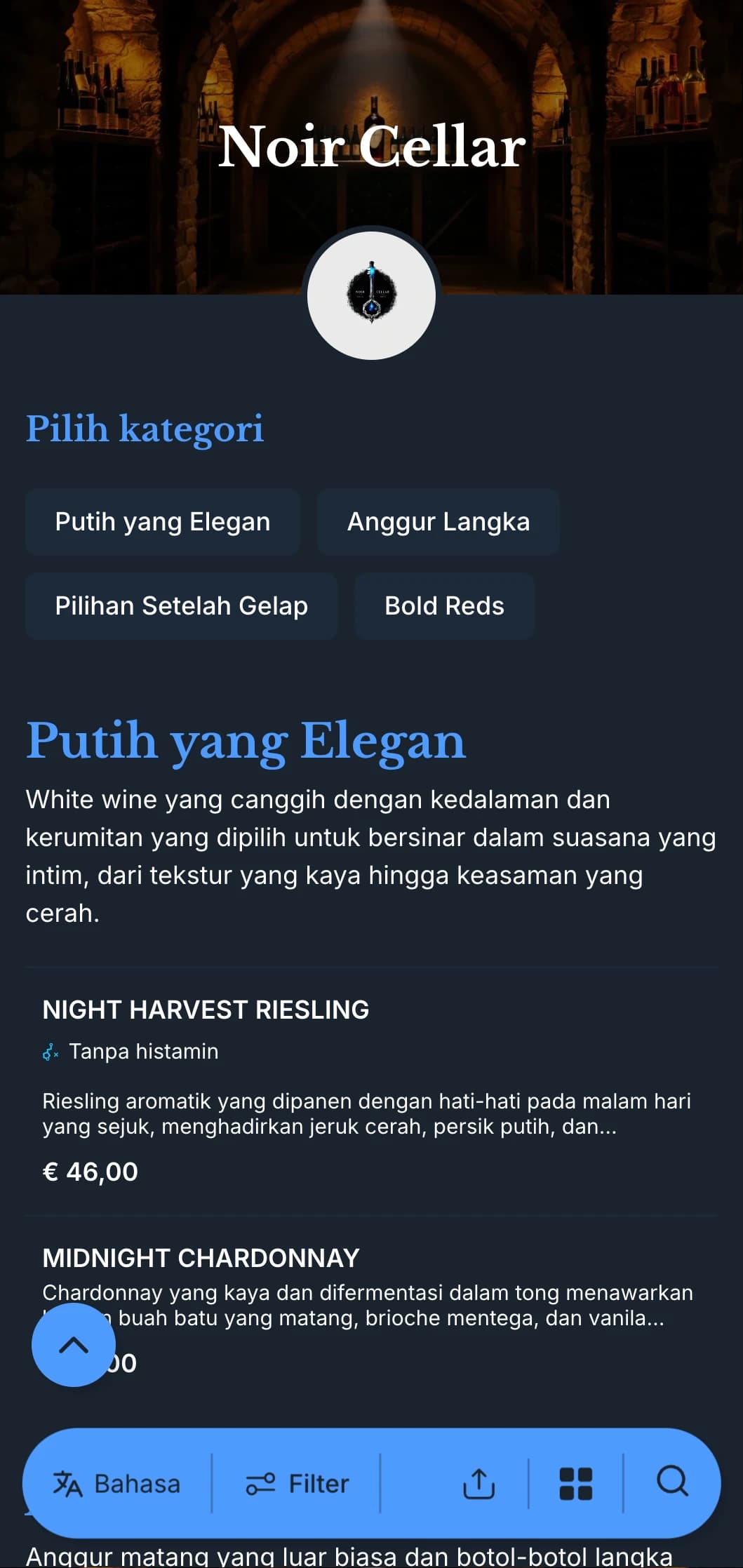 Templat daftar anggur bertema gelap yang canggih dengan aksen biru mencolok dengan latar belakang biru tua, ideal untuk lounge anggur yang intim dan tempat malam hari.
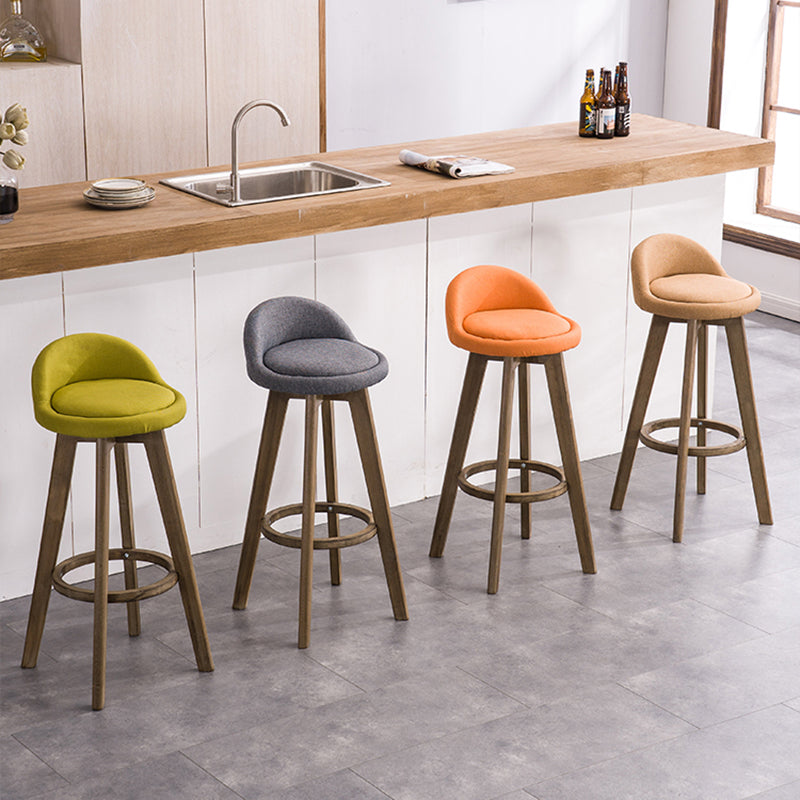 Contemporary Solid Wood Barstools Indoor Bar Stool with Footrest and Low Back Clearhalo 'Bar Furniture' 'Bar Stools' 'bar_stools' 'furn' 'furn_bar_stools' 'furniture_bar_stools' 'Kitchen & Dining Furniture' 'kitchen&dining_furn' 'kitchen' 'kitchen_furn' Furniture' 4653952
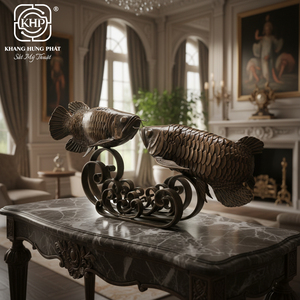 Khang Hung Phat Wrought Iron Fish Sculpture Full 3D <b>Casting</b> Animal Art Digital Printing Black Nickel Plated Home Decoration - Product Image 2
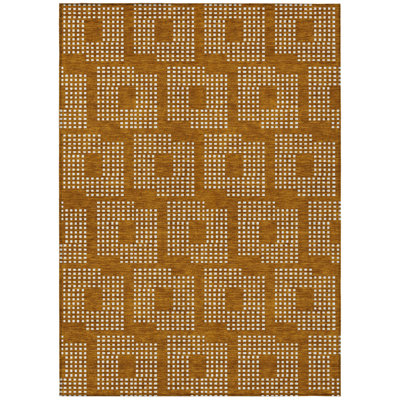 9' X 12' Terra Cotta And Ivory Geometric Washable Indoor Outdoor Area Rug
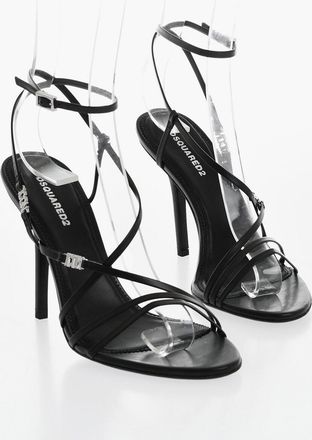 Dsquared2 ICON Leather Ankle-Strap Sandals, 10 mm Heel Dsquared2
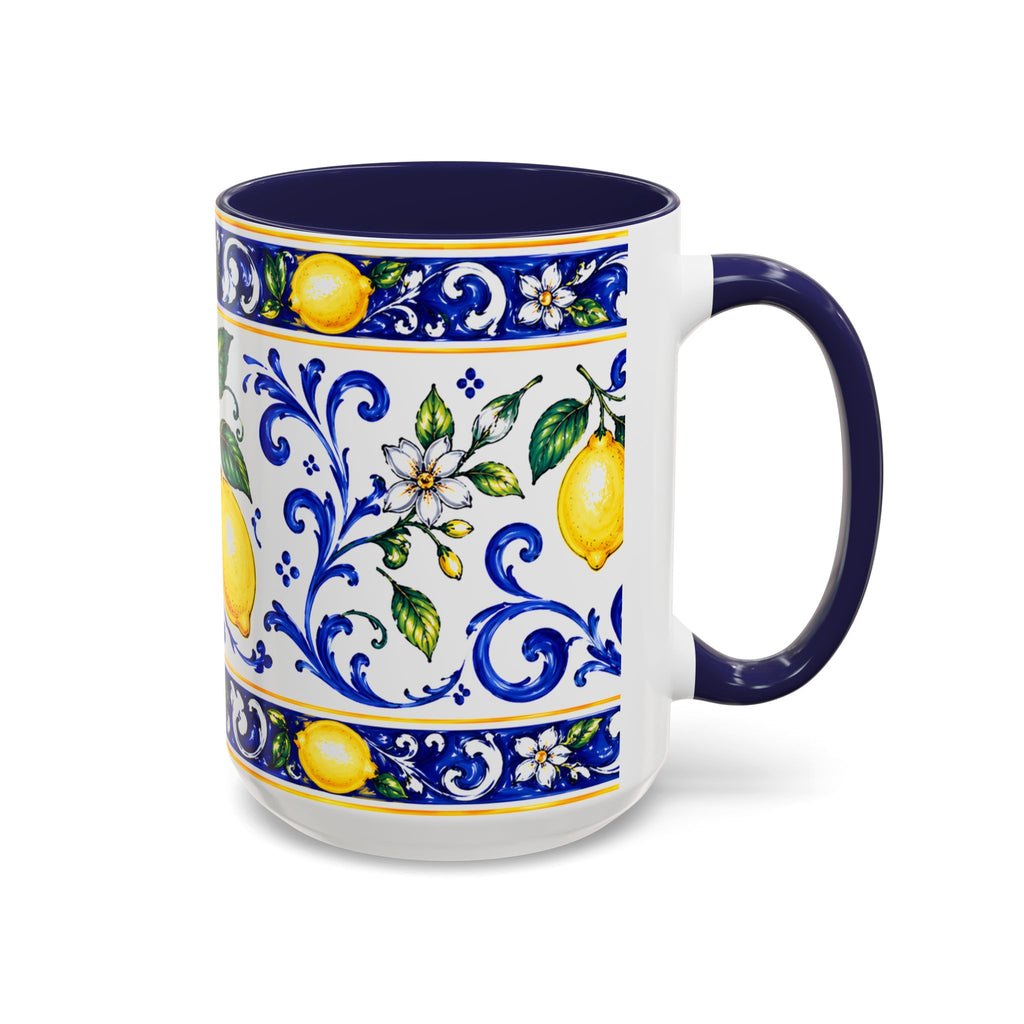 Little Italy Amalfi Blue with Lemon Mug — Blue Ceramic Kitchen Mug (11oz)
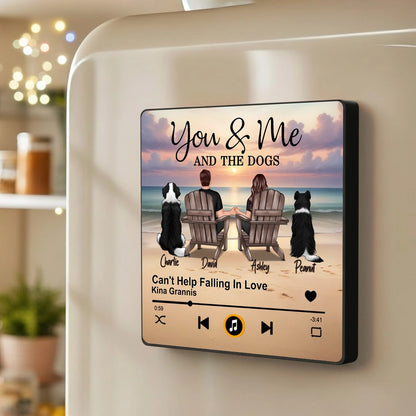 Personalized Acrylic Music Magnet Sunset Beach Couple With Dogs Fridge Decor Unique Gift for Couples & Dog Lovers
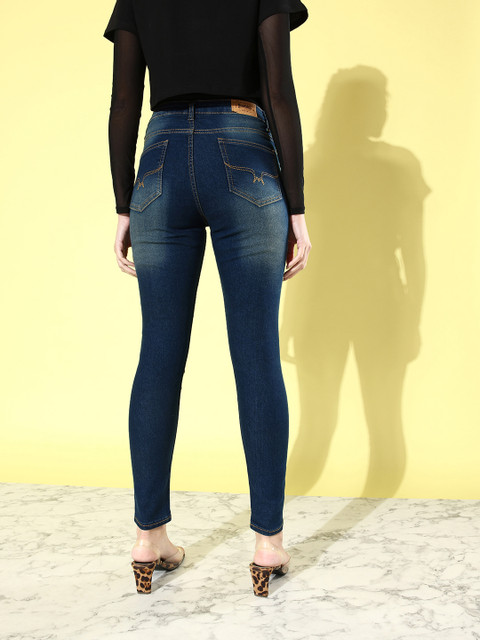 The Roadster Life Co. Women Blue Skinny Fit Heavy Fade Stretchable Jeans - Image 4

==========

◆ THE TASK: Pick up at the line containing "Dsquared2 ICON Leather" and copy each line exactly until the data ends, including that last line; copy no pictures.

◆ THE COMPLETED TASK:
 Dsquared2 ICON Leather Ankle-Strap Sandals, 10 mm Heel Dsquared2
 Little Italy Amalfi Blue with Lemon Mug — Blue Ceramic Kitchen Mug (11oz)
 Personalized Acrylic Music Magnet Sunset Beach Couple With Dogs Fridge Decor Unique Gift for Couples & Dog Lovers
 The Roadster Life Co. Women Blue Skinny Fit Heavy Fade Stretchable Jeans - Image 4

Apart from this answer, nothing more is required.